Jamie Boudreau, ICE Master Judge

"1/2 ounce rich syrup (2 part sugar to 1 part water)
3 sprigs of Mint (Use tender mint sprigs from the top of the stalk)
2 1/2 ounces Bonded Bourbon
Silver julep cup if possible or a fine glass highball that will chill and frost quickly

Slap two sprigs of mint (leaves only) and place in the bottom of the silver julep cup with syrup.  Add the powdered ice and half the bourbon and stir to frost. Top up with more ice and the rest of the bourbon.  Top off the ice above the rim of the glass. Garnish with a generous sprig of mint. Let the drink sit for a few minutes and the glass or julep cup will freeze on the outside. A small amount of powdered sugar sifted over the mint garnish is optional."

Gary Regan, ICE Master Judge
"gaz regan’s Mint Julep

Be you a man, or be you of the fairer sex, find yourself a desirable woman of around 40 years of age, and ask her to go to the babbling brook where she’ll find mint, as green as the grass of Ireland, and as deliciously fragrant as a débutante’s décolletage. Instruct her to pick you twenty stems of this fine mint, and to have them to you before the cock crows.

Ask another woman, who might be five or more years either side of forty, to gather ice cubes into her petticoat, and tell her, in no uncertain terms, to crush them lustily with a hard and sturdy instrument of her own choosing. Bring the Mint Picker to your side, and hold her hand tightly as you both look upon the Ice Crusher.

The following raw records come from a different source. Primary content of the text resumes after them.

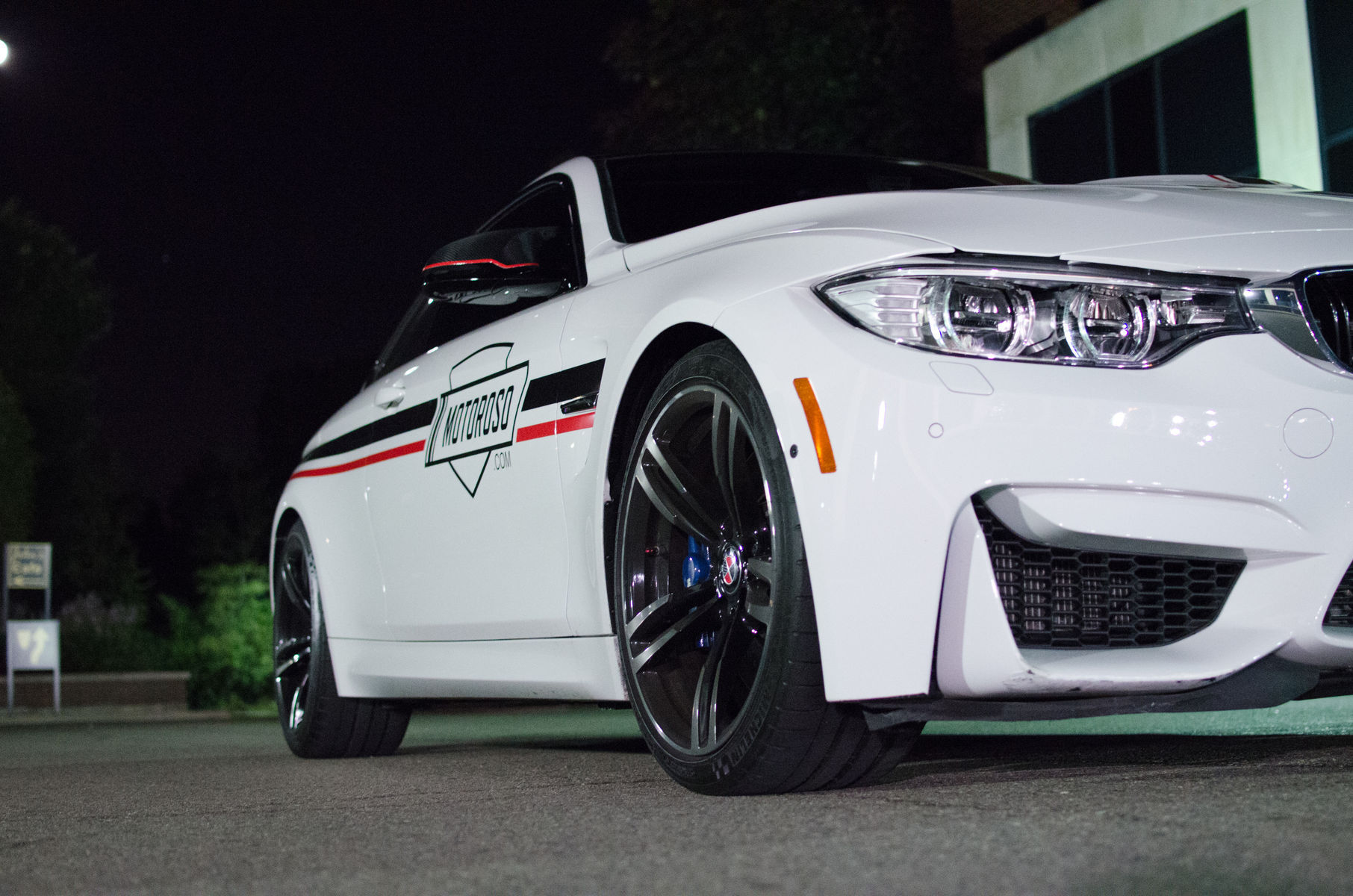 2015 BMW M4 | The Wrapped M4 - Right Side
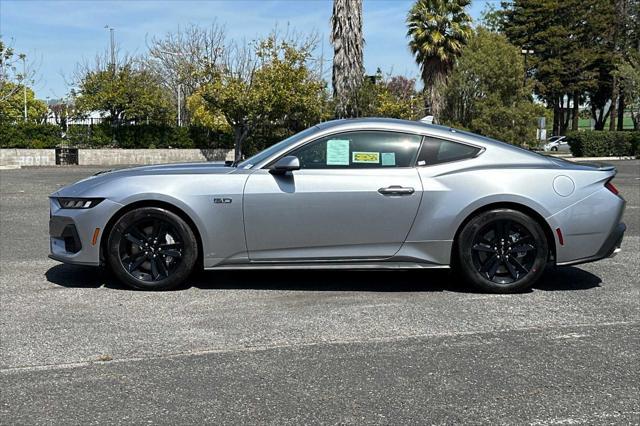 new 2024 Ford Mustang car, priced at $43,395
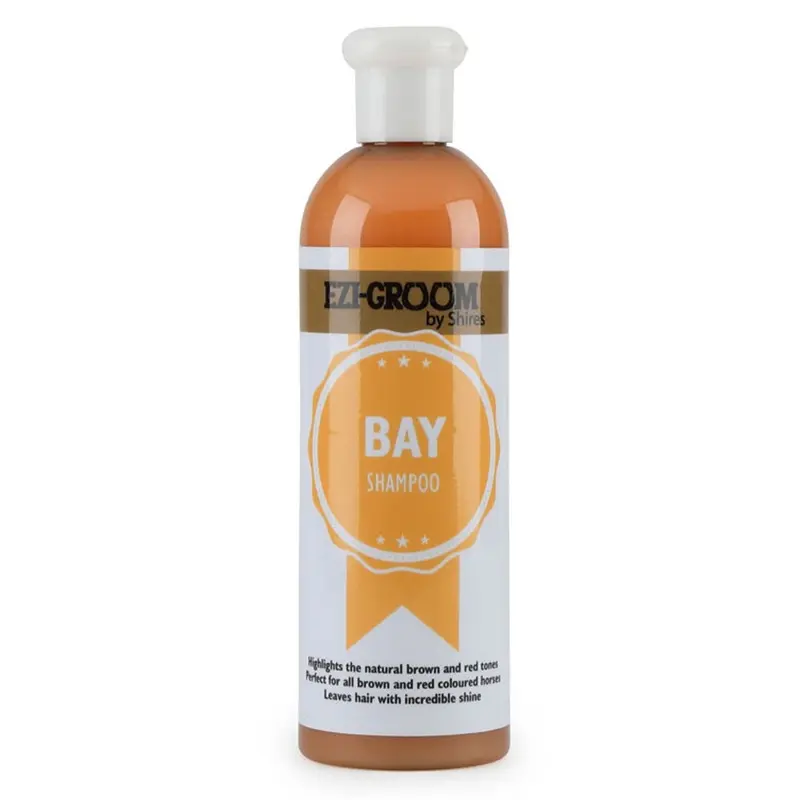 Shires Unisex Ezi-Groom Bay Shampoo Chestnut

Now invite the women to watch as you assemble Mint Juleps by first filling two silver tankards with crushed ice and adding a generous pouring of fine straight American whiskey. Now add a little sugar water to soothe the spirit’s soul, then take into your hands two silver spoons, each with a very long shaft. Plunge the spoons deeply into the tankards and stir both drinks simultaneously, taking great delight as the women marvel at your dexterity.

When the ice begins to melt into the whiskey, add more to each tankard, and similarly, add more whiskey and sugar water. Repeat this until the liquid nears the brims and the tankards are wearing wafer-thin girdles of ice. Into each vessel you must now quickly arrange ten of the mint sprigs, the stems of which have been trimmed to ensure that each one towers two to three inches above the shoulders of the drink.

Insert two straws into each tankard. The straws must be of a certain girth so that goodly amounts of whiskey can flow through their shafts. And they must also be of a desirable length so that the drinker’s nose will be buried in the mint as he or she sips. Now invite your guests to each take a straw into their pouting lips, and tell them that they must inhale the bouquet of the mint at the same time as they suck, ever so deeply, on the straw. Join the ladies by taking one straw from each tankard into your own maw which, I can assure you, will indeed be quivering by this time.

Look into the eyes of the Mint Picker, then into the eyes of the Ice Crusher for long enough for you to see the beauty that lies deep within, and observe their smiles of satisfaction when the essence of the mint meets the sweetened whisky at the back of their throats. Repeat this, sucking deeper and deeper of the whiskey, delving right into the women’s souls, and inhaling the heady aromas of the fresh mint as though this might be the very last breath you take. Now repeat again. And again and again and again. Do not stop until both women are quite sated, and the tankards are emptied of their heady brew. Let the straws fall from your mouth. Smile a contended smile. Close your eyes, and allow a small sigh to escape from your lips.

You have just reveled in the glory that is called a True Mint Julep, and your life will never again be the same. Never."